Eliminating the need for organic hole scavenger in the photoreduction of selenite and selenate from aqueous phase

Abstract

This research work investigated the photoreduction of selenite [Se(IV)] and selenate [Se(VI)] species from the aqueous phase without the use of organic hole (h+) scavengers. The use of organic hole scavengers to aid in photocatalytic removal of selenium species leads to the discharge of partially treated organics to water bodies which may, in turn, pose a high organic loading, leading to the utilization of the oxygen meant for aquatic lives. To achieve the said objective, ZnO/TiO2 nano-composite was synthesized via the sol–gel method. ZnO was immobilized on TiO2 to increase the lifespan of excitons enough for the reduction process to complete, in the end, no organic hole scavenger is needed. The morphology, functional group, and crystal structure of the photo-catalyst were confirmed via characterization with SEM/EDS, FTIR, and XRD respectively.
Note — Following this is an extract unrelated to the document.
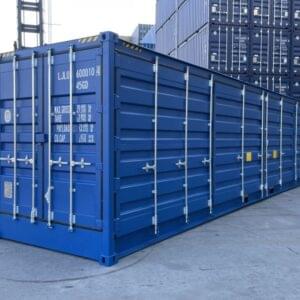 40Ft Full Side Access Container High Cube (9′ 6″ High) - Image 5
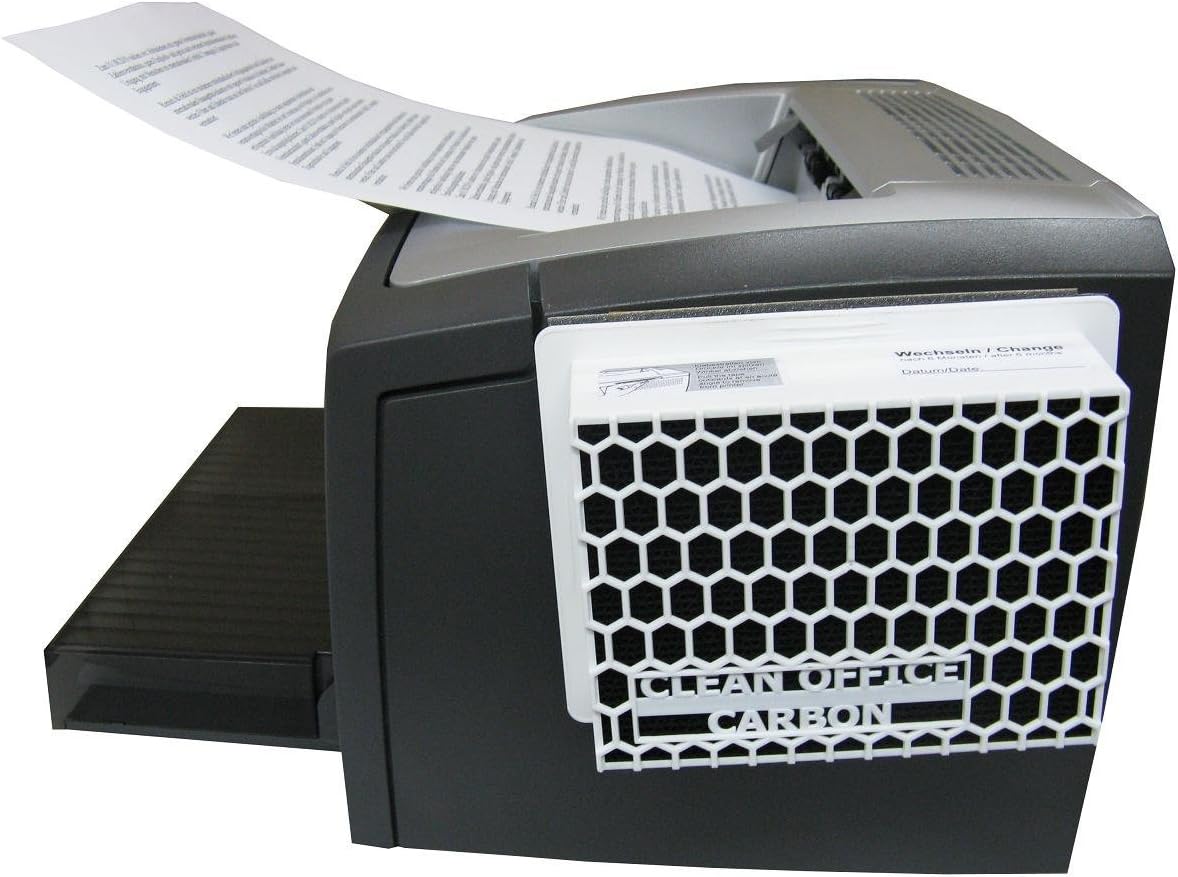 Clean Office Carbon 1 Ozone Fine Dust Filter for Laser Printers and Copiers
Photocatalytic removal of 20 ppm Se(IV)/Se(VI) were investigated at pH 4 under UV irradiation using 1 g/L ZnO/TiO2 photo-catalyst dosage. Results obtained after 22 h irradiation show a 100% reduction of Se(VI) to the non-toxic and non-mobile form of elemental selenium. On the other hand, results obtained for the removal of 20 ppm Se(IV) show 100% oxidation of Se(IV) to Se(VI) followed by subse-quent conversion of Se(VI) to elemental selenium with 79% efficiency. The results presented in this study show that complete selenite and selenate removal from the aqueous phase can be achieved through ZnO/TiO2 photocatalysis without the use of h+ scavengers. The photoreduction reaction kinetics were found best fitted to zeroth and first order for selenate and selenite respectively.